Ya no quiero ser periodista
La labor de un periodista requiere de valentía en un país como Colombia. Esta columna retrata el sentimiento de los estudiantes de periodismo.
Columna de opinión realizada para la clase de Introducción al Lenguaje Periodístico (tercer semestre, 2022-1), con el profesor David Mayorga.

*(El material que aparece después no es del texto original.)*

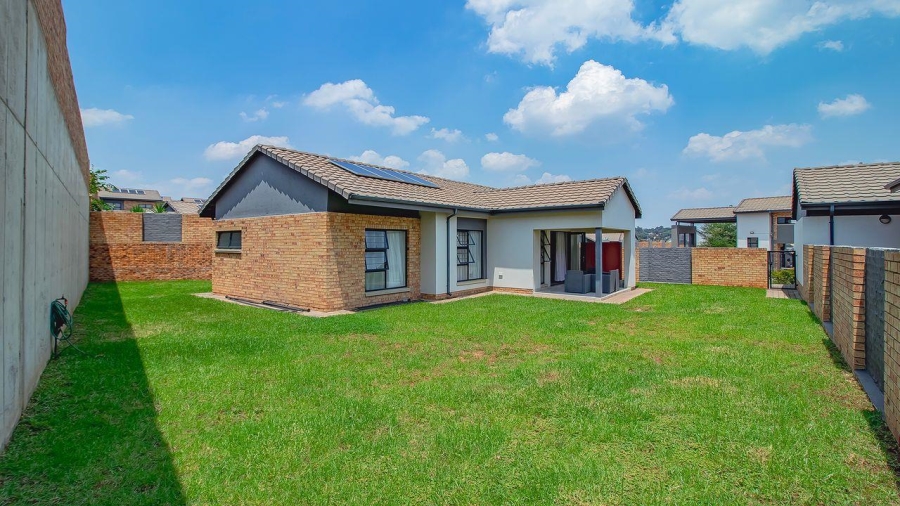 3 Bedroom Property for Sale in Amberfield Valley Gauteng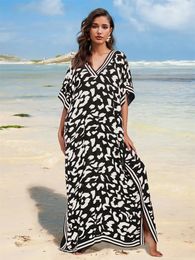 EDOLYNSA Plus Size Boho Black White Leopard Print Kaftan Beach Cover Ups For Women 2024 Summer Loose Caftan House Dress Q1609 240530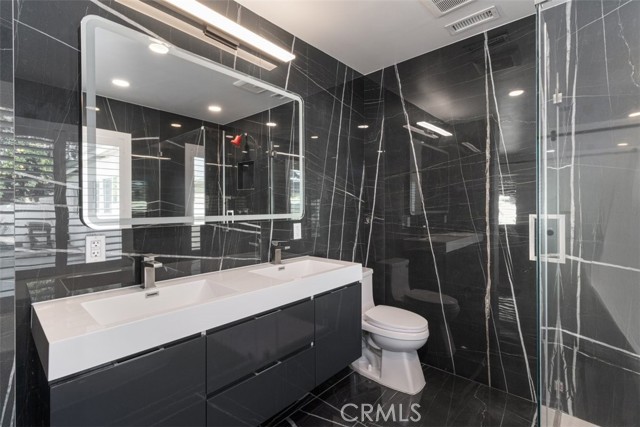 Detail Gallery Image 16 of 40 For 10214 Woodruff, Downey,  CA 90241 - 3 Beds | 2 Baths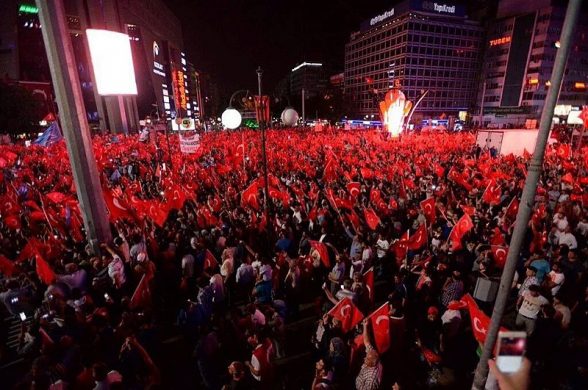 anti-coup_demokrasi_nobeti_kizilay_square_tyrkiet_kup_pivox_wikimedia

El Espectador, representativo periódico colombiano, cumplió 135 años en marzo del año pasado. No me resulta un tiempo insignificante, por el contrario, este diario ha logrado mantenerse en un país donde la libertad de prensa es hostigada, perseguida y masacrada. Ojalá hoy tuviéramos la fortuna de decir lo contrario, pero la realidad es que el periódico lleva consigo muchos muertos inocentes, quienes por enfrentarse a los poderosos acabaron siendo parte de un lamentable número de periodistas asesinados. Estoy convencida de que hacer periodismo en cualquier lugar del mundo ya implica un riesgo inminente, pero en Colombia, esta labor es casi como meterse en la boca del lobo, un lobo capaz de exiliarte, dispararte o, lo que resulta aún peor, estallarte en pedazos.

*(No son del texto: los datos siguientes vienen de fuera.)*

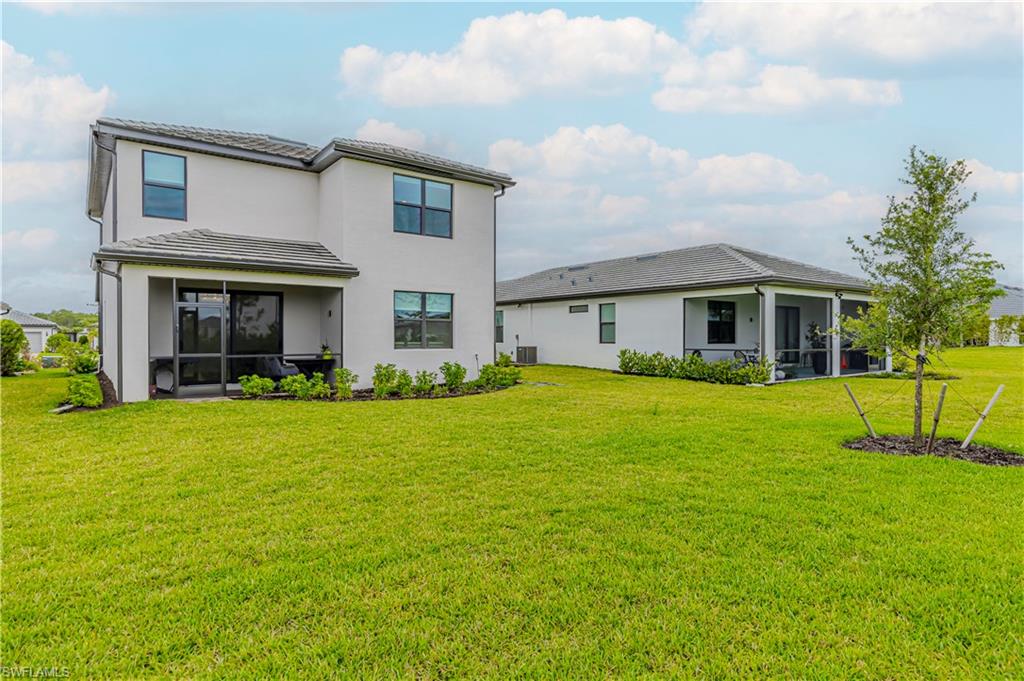 1854 Mesa LN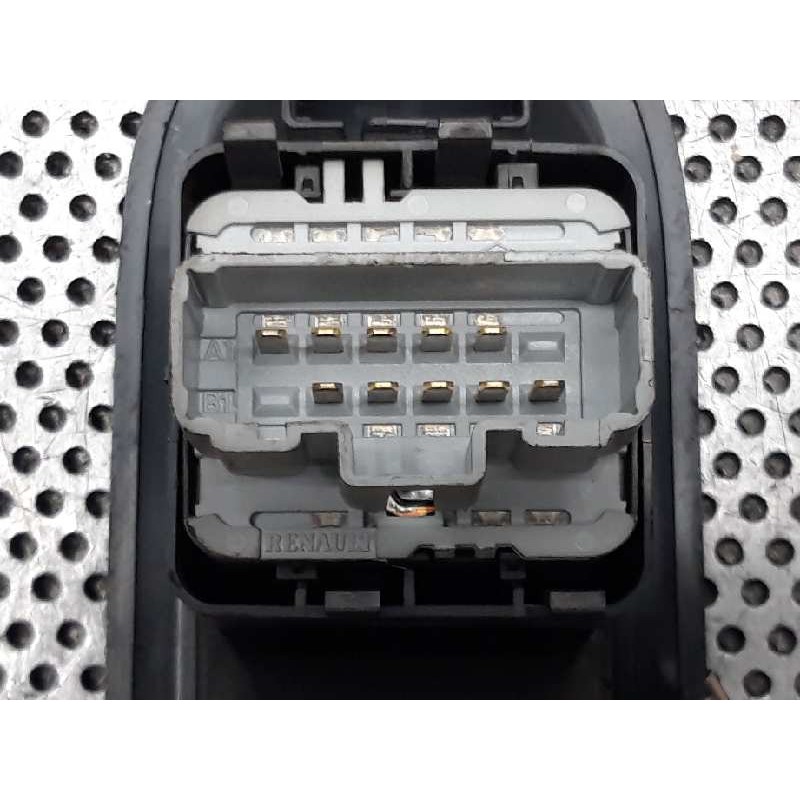 Recambio de mando elevalunas delantero izquierdo para renault twingo acces referencia OEM IAM 2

Con la muerte de Guillermo Cano, director de El Espectador, a manos de Escobar y su entramado criminal, se dio paso a un periodismo temeroso, y aunque ya lo era desde antes de su muerte, a mi modo de ver significó que escudriñar en los huecos de los innombrables era el suicidio y la muerte anunciada para cualquier periodista. Por más que se intentó evitar esta muerte, finalmente llegó aquel diciembre de 1986, paralizando a toda la prensa y a todos los colombianos que creían fervientemente en el poder revolucionario del periodismo. De hecho, según cifras de la FLIP (Fundación para la Libertad de Prensa), en Colombia, desde 1938 hasta 2021, han sido asesinados ciento sesenta y dos periodistas por razones de su oficio. Una cifra escalofriante e increíblemente dolorosa, pero que deja al descubierto quién tiene más miedo.

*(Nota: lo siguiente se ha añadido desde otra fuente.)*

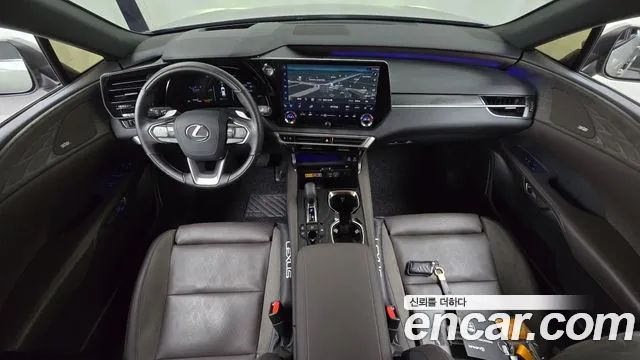 Lexus RX — интерьер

Los que queremos dedicarnos a un periodismo real, alejado de los poderosos y sus beneplácitos súbditos “periodistas”, sabemos la valentía que debemos poseer. Dejar la complacencia a un lado para cuestionar lo establecido y para decirles a los poderosos en la cara que los mayores veedores no se encuentran dentro de los órganos de control, que ellos mismos colocan en esos puestos, en realidad están afuera, preguntándose, investigando y revelando al resto de los colombianos lo que tanto intentan tapar y esconder. De lo contrario, me atrevería a afirmar, aunque resulte un poco osado de mi parte, que lo demás como la sumisión, la correspondencia y la falta de interés hacia una realidad inocultable del país se aleja por completo de lo que significa el periodismo real.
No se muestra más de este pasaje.